──────── Raw data ────────

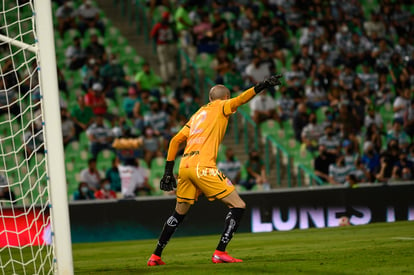 Gustavo Gutiérrez | Santos vs Toluca J15 A2021 Liga MX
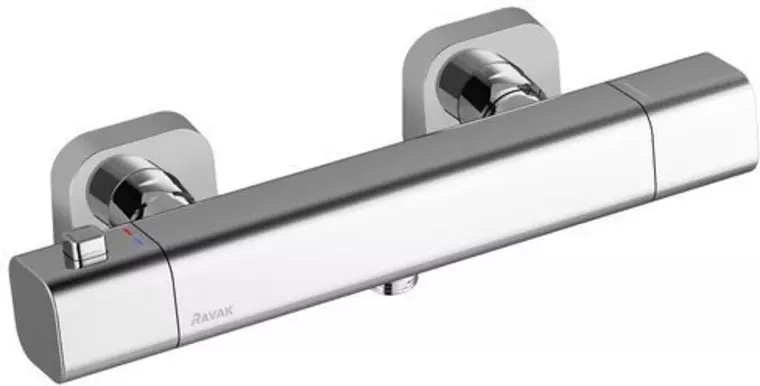 

Смеситель для душа «Ravak» 10° Free TD F 033.00/150 с термостатом хром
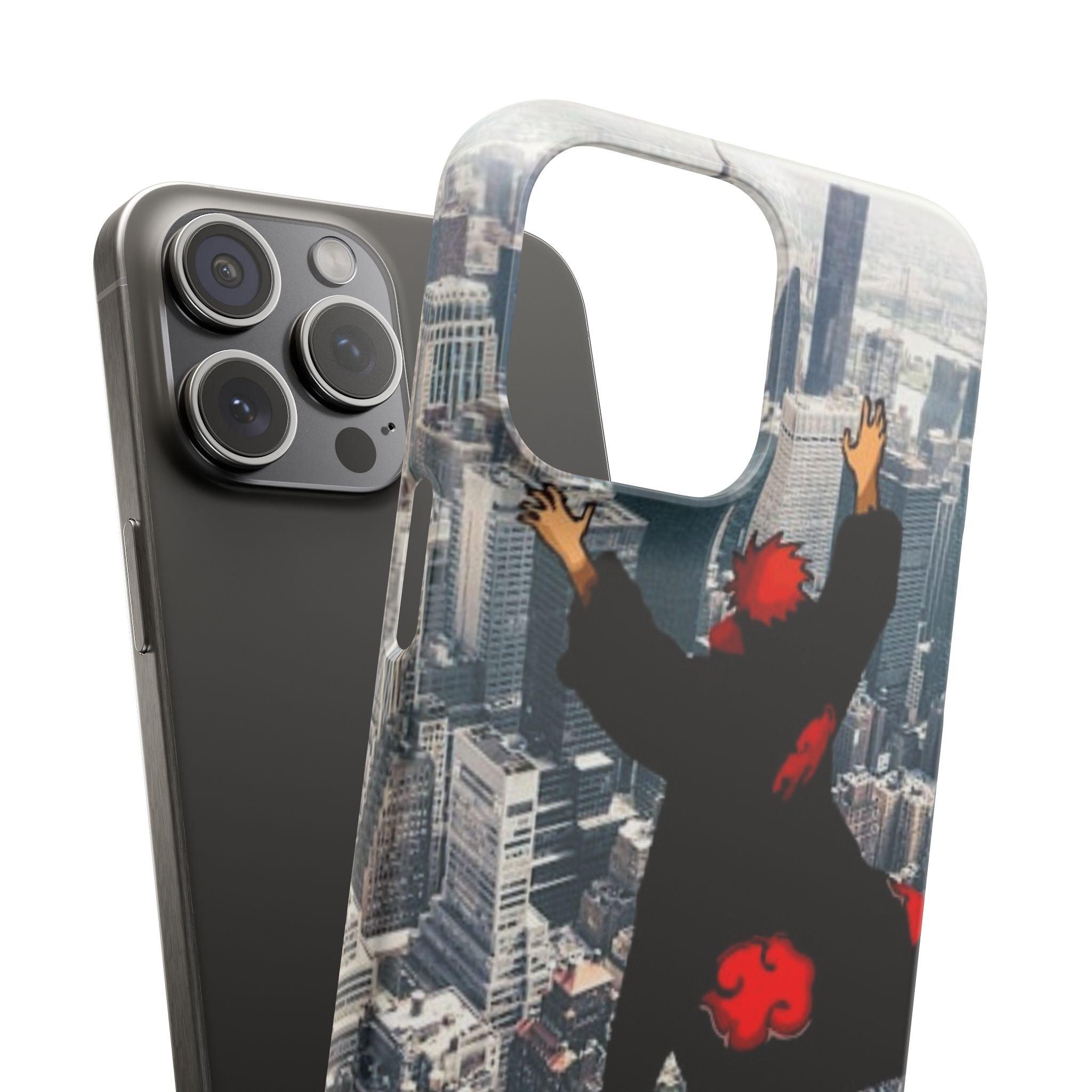 Snap Cases - Shinra Tensei ! - Yukan Iconic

────────

- [Your objective]:
Word for word, repeat the data above with the pictures left out.

- [Solved exercise]:
 Gustavo Gutiérrez | Santos vs Toluca J15 A2021 Liga MX

Смеситель для душа «Ravak» 10° Free TD F 033.00/150 с термостатом хром
 Snap Cases - Shinra Tensei ! - Yukan Iconic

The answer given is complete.